*Work instruction*:
Print out every line of the material exactly. Include no pictures.

*Dataset section*:
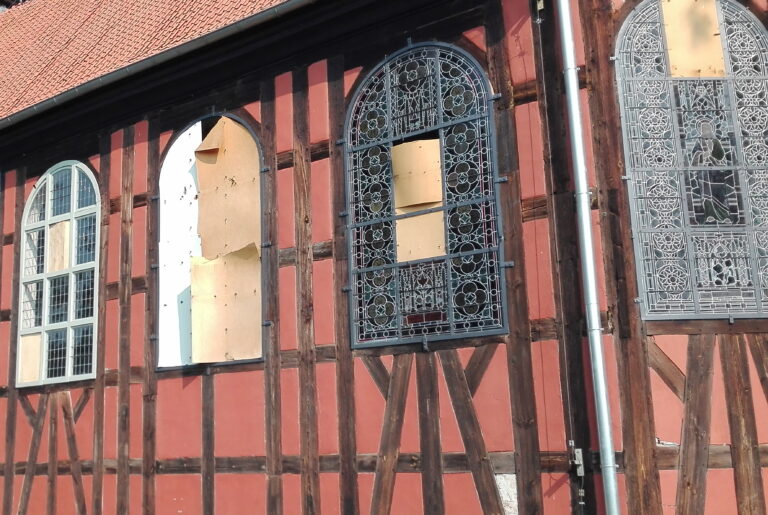 KOŚCIÓŁ W KIEZMARKU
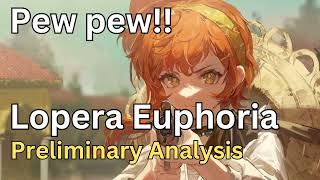 Lopera Euphoria - Reverse 1999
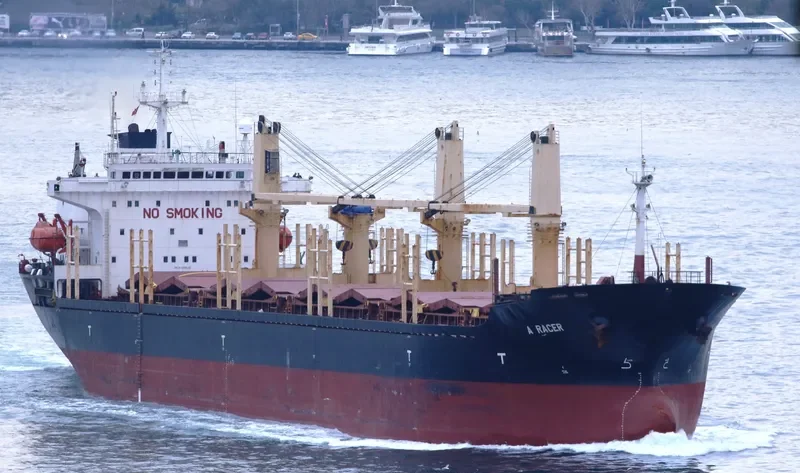 A RACER Bulk Carrier IMO 9086318 photo 3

*Output of the exercise*:
 KOŚCIÓŁ W KIEZMARKU
 Lopera Euphoria - Reverse 1999
 A RACER Bulk Carrier IMO 9086318 photo 3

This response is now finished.